╔══

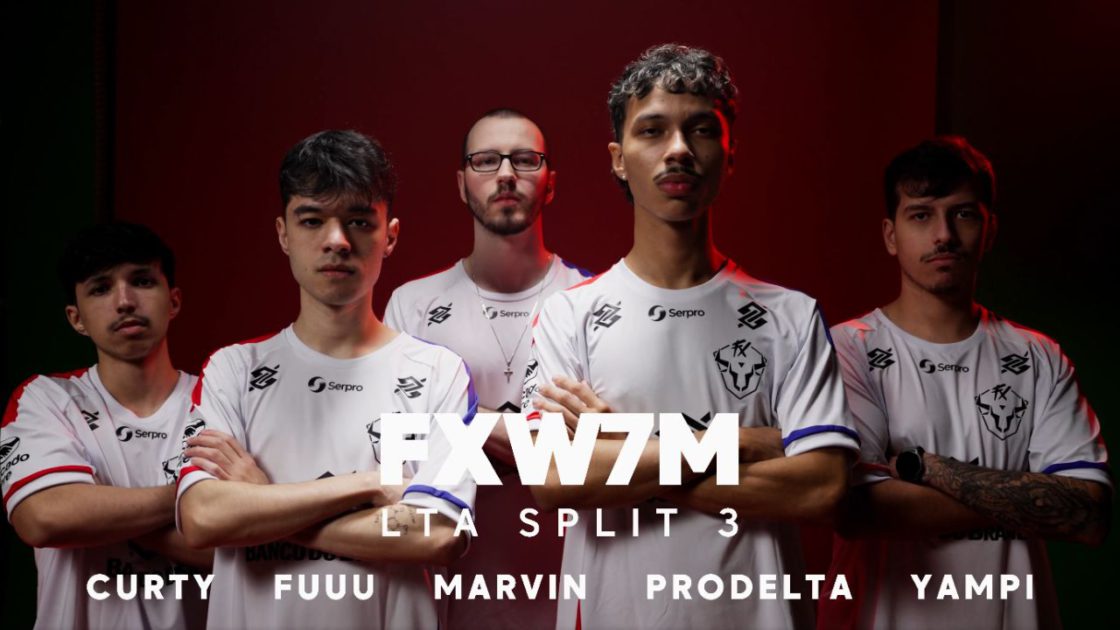 Na foto, o elenco do Fluxo W7M para o 3º split da LTA Sul 2025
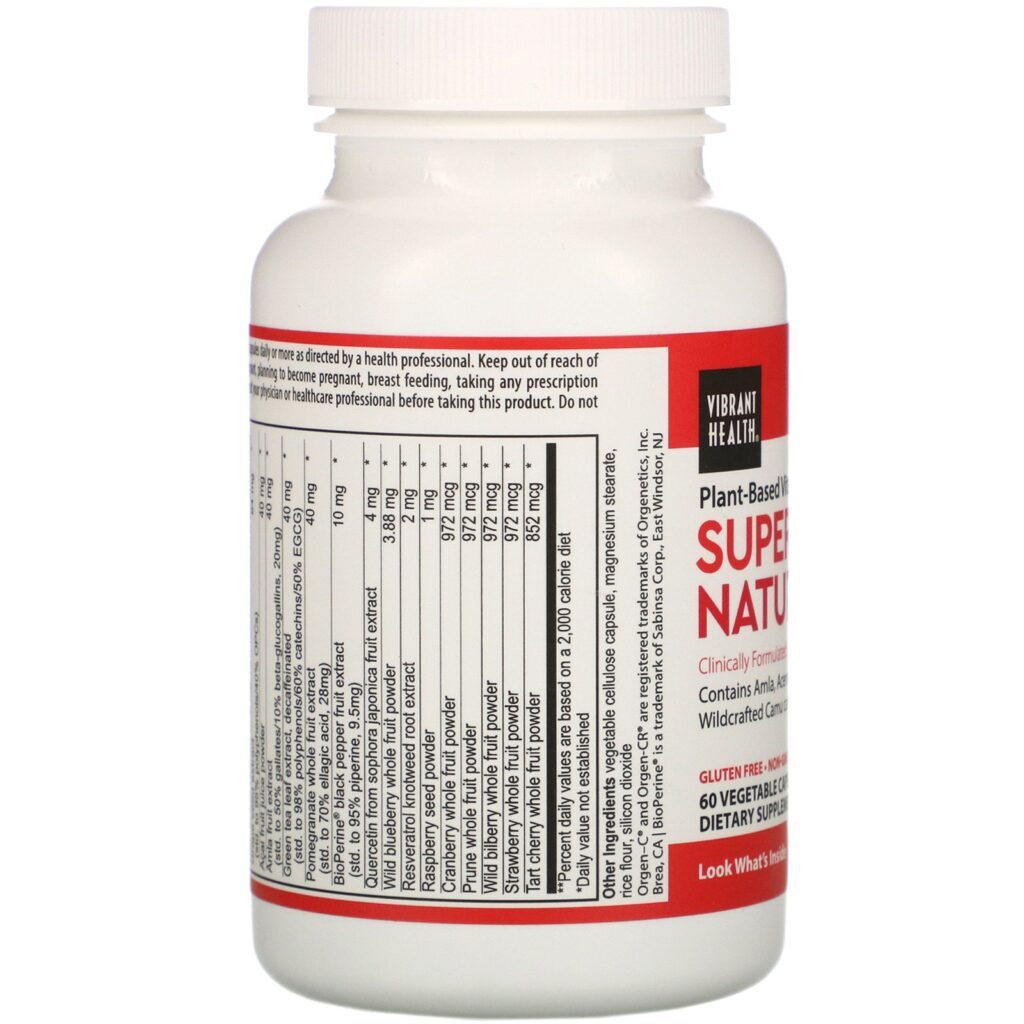 Vibrant Health, Super Natural C, Version 3.2, 60 Vegetable Capsules - Imagem 4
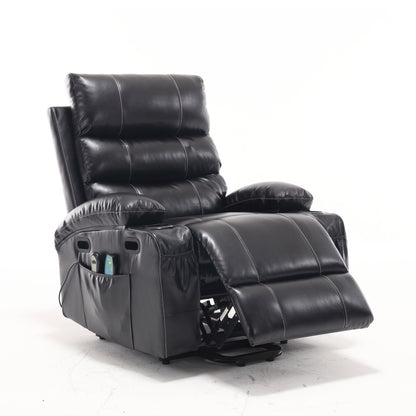 Elias Large Power Lift Recliner Chair with Massage - Black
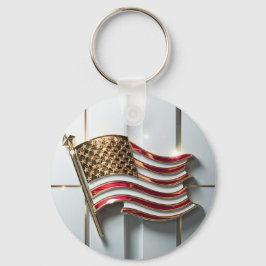 Llavero Emblema de bandera americana en oro 3D
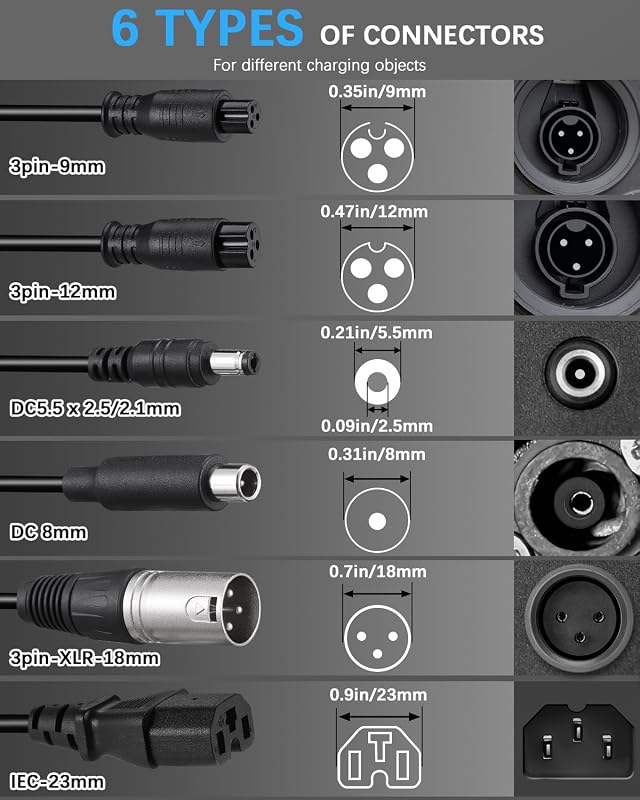 Wyxron 54.6V 2A Elektromos Roller Töltő - 5 Csatlakozós Univerzális Töltőkábel Ventilátorral, 48V Lítium Akkumulátorhoz, E-Bike Kompatibilis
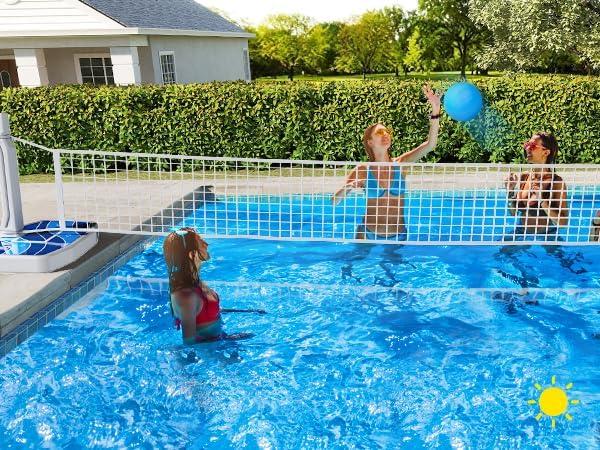 2 in 1 Pool Basketball Hoop and Volleyball Net Set LED Light Up Swimming Pool Basketball Hoop Poolside Basketball Goal Outdoor for Teens Adults Pool Toys Pool Games Activities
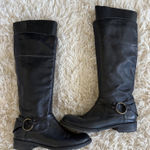 Steve Madden  Black Leather Knee High Boots Womens Size 7 Riding Moto StyLe Photo 0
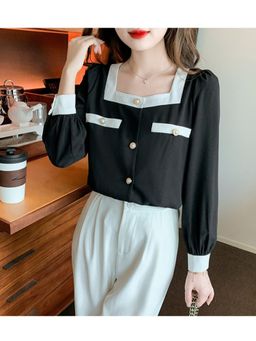 PARTIQ - Black Solid Full Sleeves Top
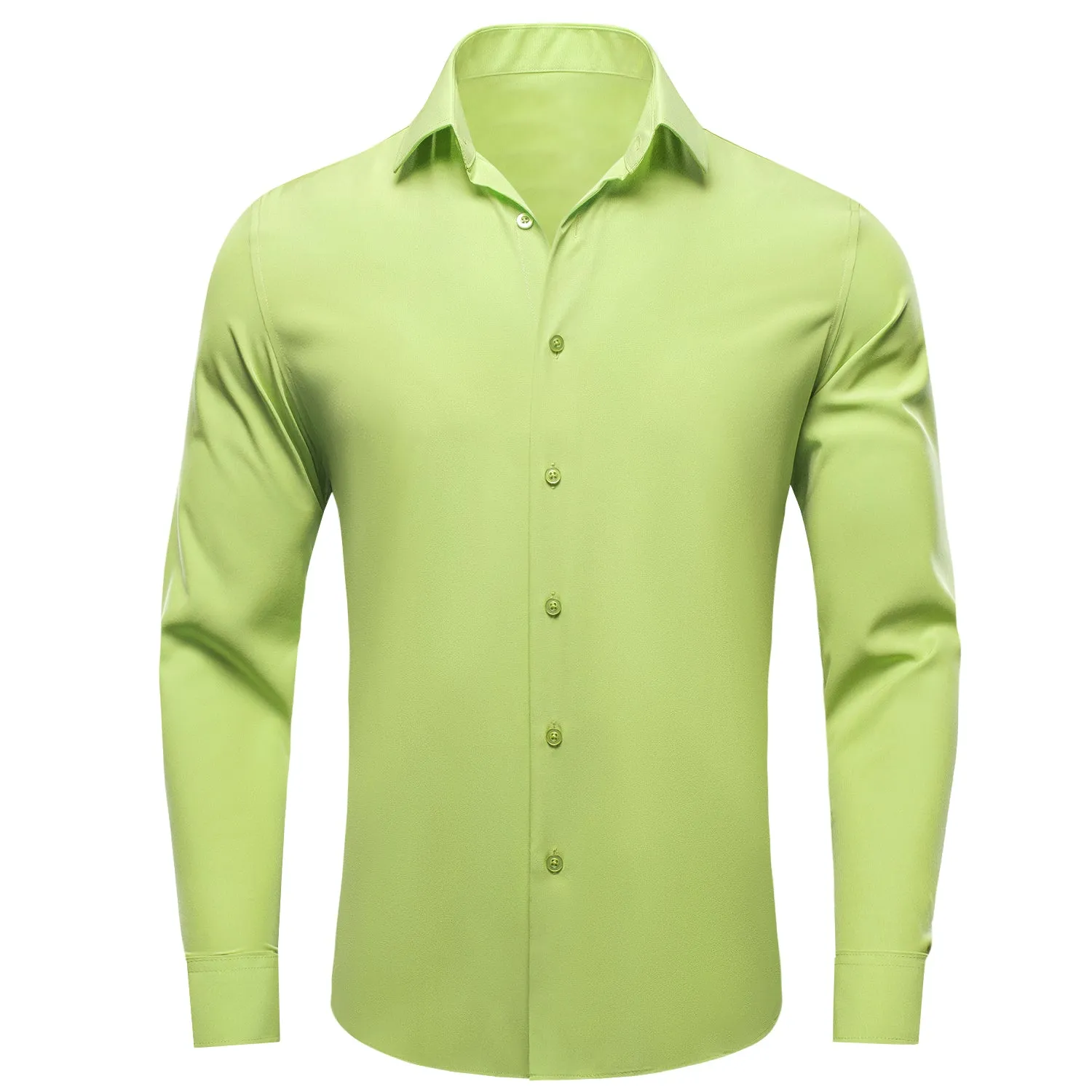 Yellow Green Solid Four-way Stretch Fabric Men's Long Sleeve Shirt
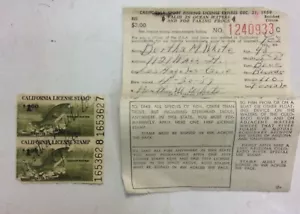 Estampilla de bajo negro Largemouth 1959 licencia de pesca deportiva y ranas de California - Imagen 1 de 6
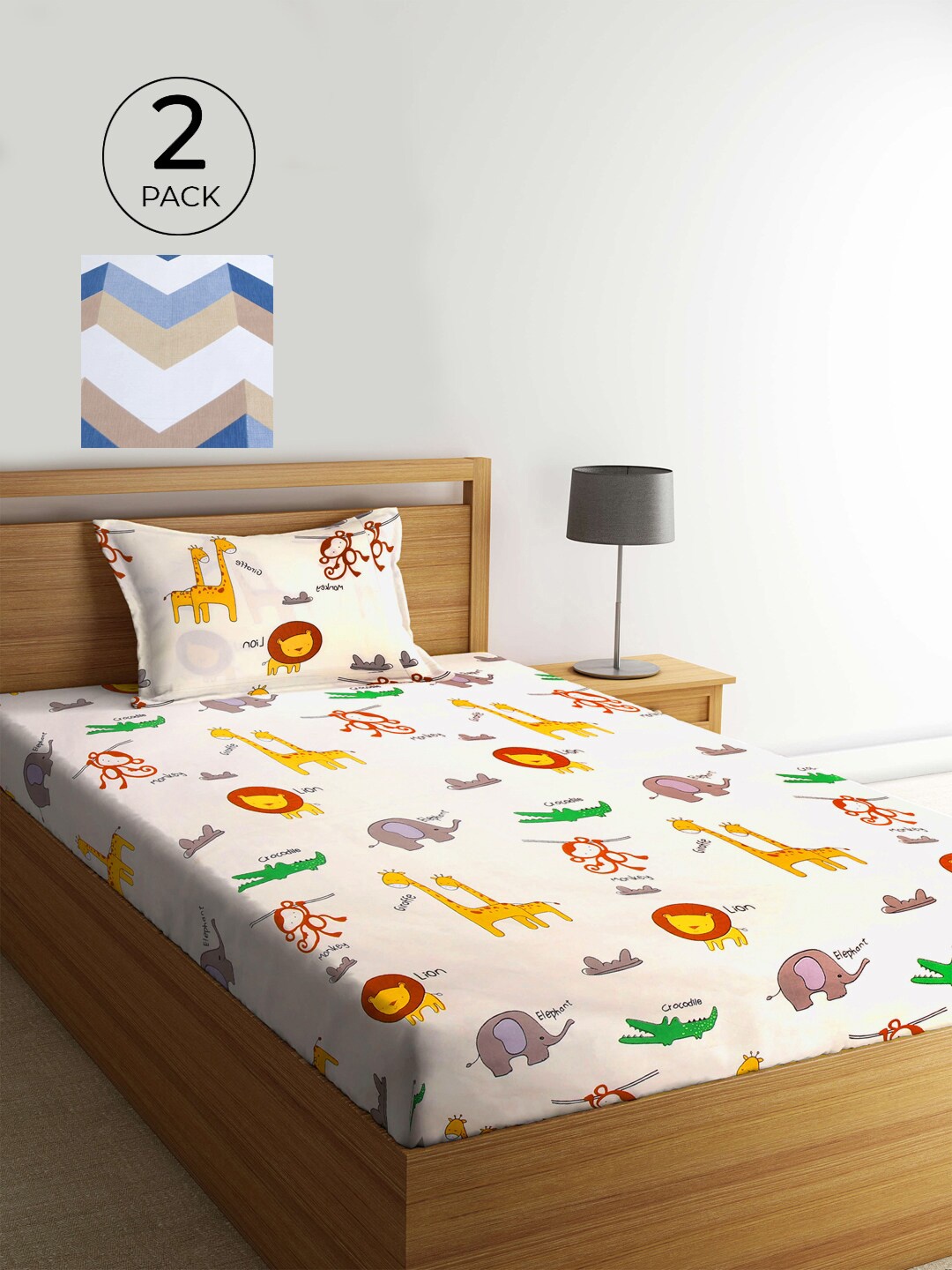 

KLOTTHE Beige & White Cartoon Characters 210 TC 2 Single Bedsheets with 2 Pillow Covers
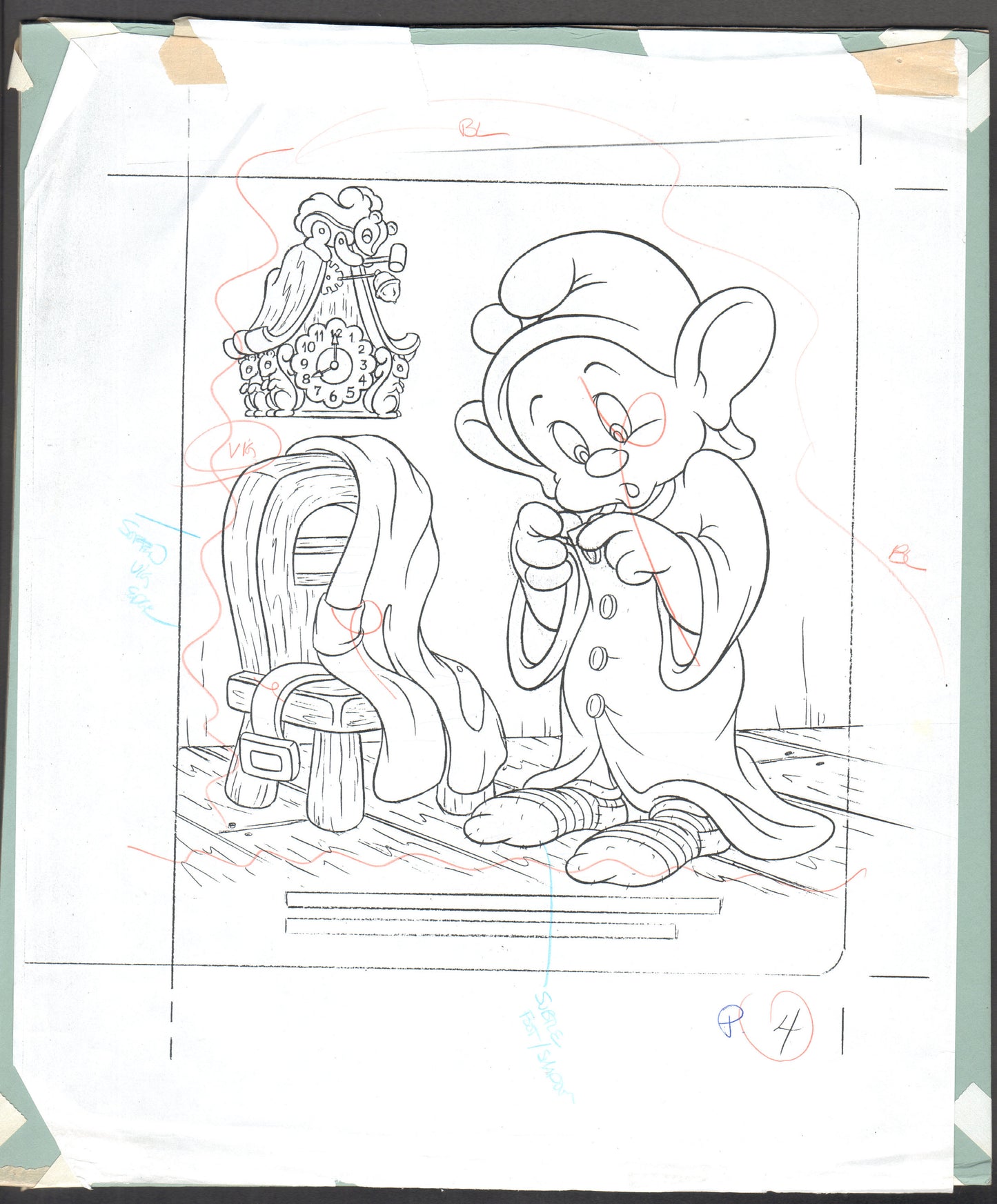 Snow White and the Seven Dwarfs Storybook hand-painted background illustration Dopey 1990s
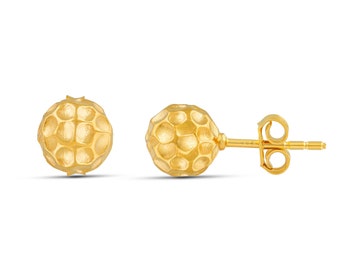 Gold Ball Earrings, 8mm Large Ball Stud Earrings, Hammered Gold Ball Stud Earrings, Statement Earrings, Hammered Earrings, Silver Studs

╚══

◆ **WORK TO COMPLETE**: Strip the images and return the remaining data exactly.

◆ **THE COMPLETED TASK**:
 Na foto, o elenco do Fluxo W7M para o 3º split da LTA Sul 2025
 Vibrant Health, Super Natural C, Version 3.2, 60 Vegetable Capsules - Imagem 4
 Elias Large Power Lift Recliner Chair with Massage - Black
 Llavero Emblema de bandera americana en oro 3D
 Wyxron 54.6V 2A Elektromos Roller Töltő - 5 Csatlakozós Univerzális Töltőkábel Ventilátorral, 48V Lítium Akkumulátorhoz, E-Bike Kompatibilis
 2 in 1 Pool Basketball Hoop and Volleyball Net Set LED Light Up Swimming Pool Basketball Hoop Poolside Basketball Goal Outdoor for Teens Adults Pool Toys Pool Games Activities
 Steve Madden  Black Leather Knee High Boots Womens Size 7 Riding Moto StyLe Photo 0
 PARTIQ - Black Solid Full Sleeves Top
 Yellow Green Solid Four-way Stretch Fabric Men's Long Sleeve Shirt
 Estampilla de bajo negro Largemouth 1959 licencia de pesca deportiva y ranas de California - Imagen 1 de 6

KLOTTHE Beige & White Cartoon Characters 210 TC 2 Single Bedsheets with 2 Pillow Covers
 Snow White and the Seven Dwarfs Storybook hand-painted background illustration Dopey 1990s
 Gold Ball Earrings, 8mm Large Ball Stud Earrings, Hammered Gold Ball Stud Earrings, Statement Earrings, Hammered Earrings, Silver Studs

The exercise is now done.